東アジアを戦争の危機が覆っている。現在の朝鮮半島危機は、94年に朝鮮民主主義人民共和国(以下、「共和国」)の核開発を阻止するため、米国が侵略準備をギリギリまで押し進めた時以来の危機である。
今回のミサイル騒動であるが、その出発点を確認しておく必要がある。
危機の発端は、昨年12月の共和国による人工衛星打ち上げである。国連安保理はこれを「長距離ミサイル」と断定し、今年1月、経済制裁を採決した。この決議に反発し、共和国は2月に核実験を実施。この核実験に対抗する形で、安保理は追加の経済制裁を決定。

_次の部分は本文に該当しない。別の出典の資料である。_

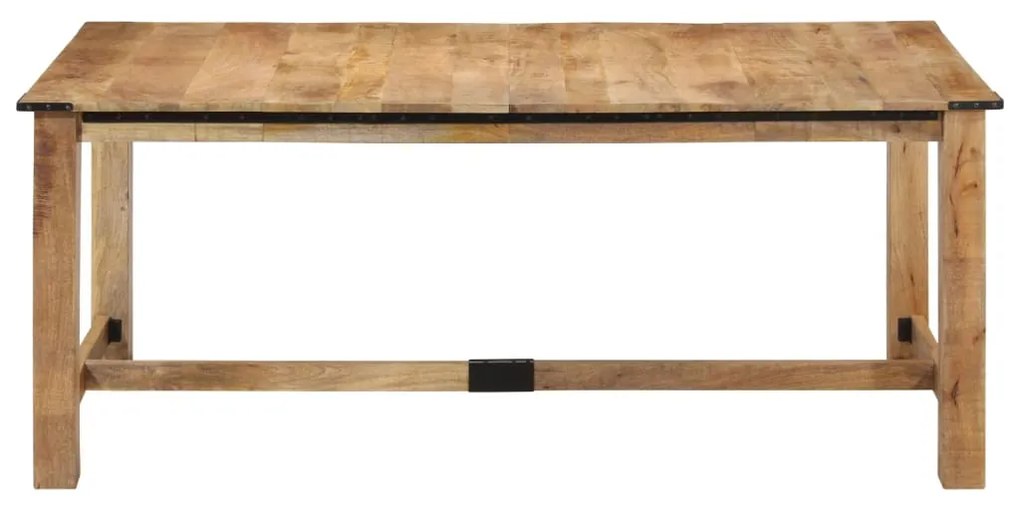 358949 vidaXL Трапезна маса, 180x90x75 см, масивна мангова дървесина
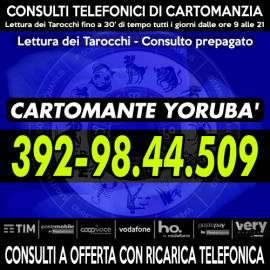 Il Cartomante Yorubà esegue consulenze esoteriche con lettura dei Tarocchi!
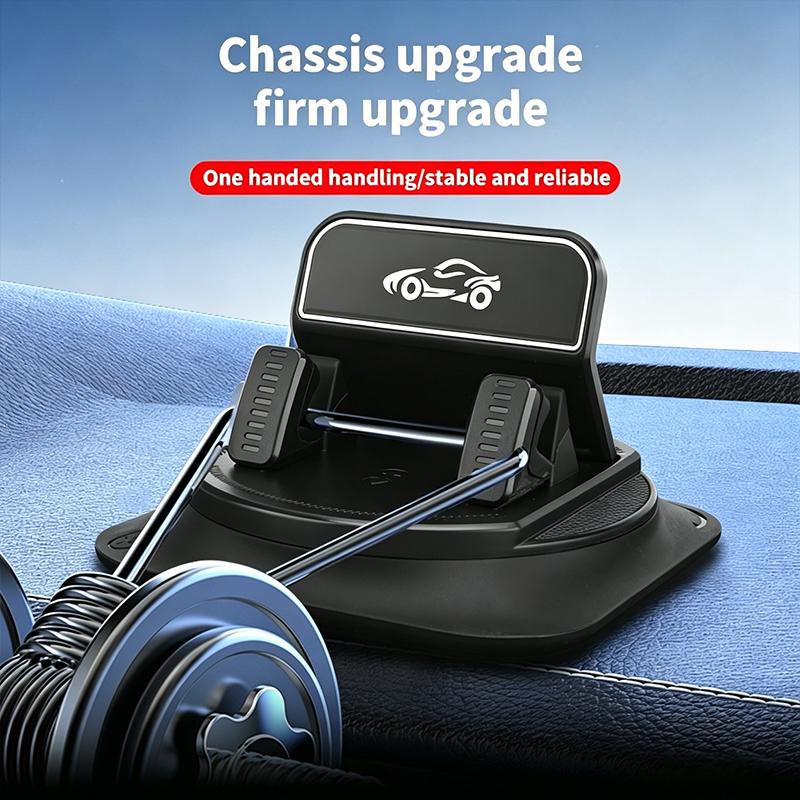Car dashboard anti slip mobile phone holder 360 ° rotating navigation fixed bracket universal car phone holder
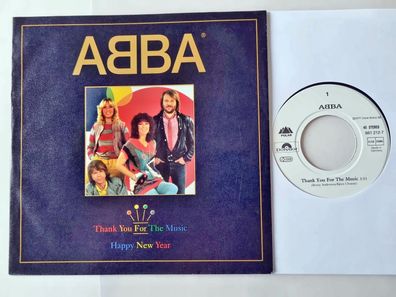 ABBA - Thank you for the music/ Happy New Year 7'' Vinyl Germany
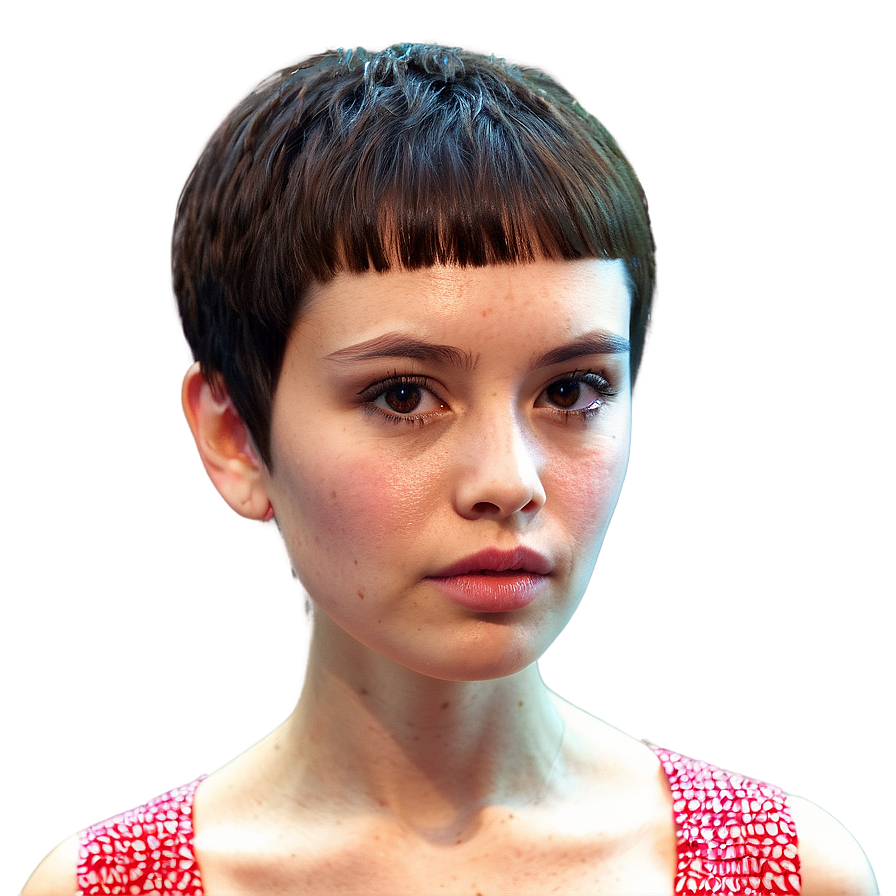 Textured Karen Haircut Png 06212024 PNG image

さらに米軍と韓国軍は、3月から4月にかけて、「フォール・イーグル」と「キー・リゾルブ」という2つの共同軍事演習を実施。どちらも朝鮮半島有事がシナリオで、30万人以上の兵士が参加する巨大演習だ。かつて行われていた核演習である「チーム・スピリット」に代わる演習である。韓国内野党の調査によれば、同演習には防衛だけでなく共和国への上陸シナリオも含まれている。
米軍は、F22ステルス戦闘機に加え、原子力潜水艦、複数のイージス艦、そして朝鮮半島では初めて最新鋭のB2ステルス爆撃機を投入した。B52爆撃機の投入と合わせて、明白に核戦争を想定した兵器を投入して共和国を挑発した。さらに米軍は、沖縄のオスプレイを演習に投入。在日米軍もフルに巻き込む姿勢であることを強調した。
韓米演習が始まるのに合わせて、共和国政府は、「朝鮮戦争休戦協定の白紙撤回」を一方的に宣言。南北軍事ホットラインを遮断し、4月に入ってからは交流事業である開城工業団地も封鎖。核施設の再稼働も表明した。さらに、中距離新型ミサイルの発射や、大陸間弾道ミサイルの発射も示唆。もし米韓が北への攻撃を開始すれば、米国へ核攻撃を行うことも仄めかす宣伝を行っている。共和国の核実験や、朝鮮戦争の休戦協定の破棄などは、長年継続されてきた南北交渉の成果を台無しにする許しがたい行為である。
一方、共和国からすれば、現在の韓米演習は、核兵器運搬用の爆撃機を目と鼻の先で飛ばされている状態である。共和国がミサイル発射を示唆することも、前線スレスレの地域で韓米が軍事演習を行うことも、共に止めるべきだ。
日本政府は安倍首相が「北の挑発は許しがたいレベル」と断じ、PAC3ミサイルを首都圏や沖縄に展開して、迎撃態勢を強化する対応策をとっている。くわえて自民党の石破幹事長は、「もし自衛隊の艦船がミサイルの標的にされたら、即時防衛出動を命令すべき」と明言した。この態勢が米韓との共同作戦の一翼であることは明白であり、政府もそれを隠そうともしない。
軍事的緊張のエスカレーションは非常に危険な状況である。「日米同盟」の下に思考停止し、敵対関係を固定させるのではなく、日本は緊張緩和の道を探るべきだ。01年の平壌宣言に立ちかえり、国交交渉を再開することも一つの方法である。
先日立川基地を訪れた時、当直司令の自衛官は、「NK(ノースコリア)シフトでずっと待機状態」と緊張感を口にした。臨戦態勢が兵士の敵意を増幅させる効果もあるだろう。何としても戦争回避の道を探らなければならない。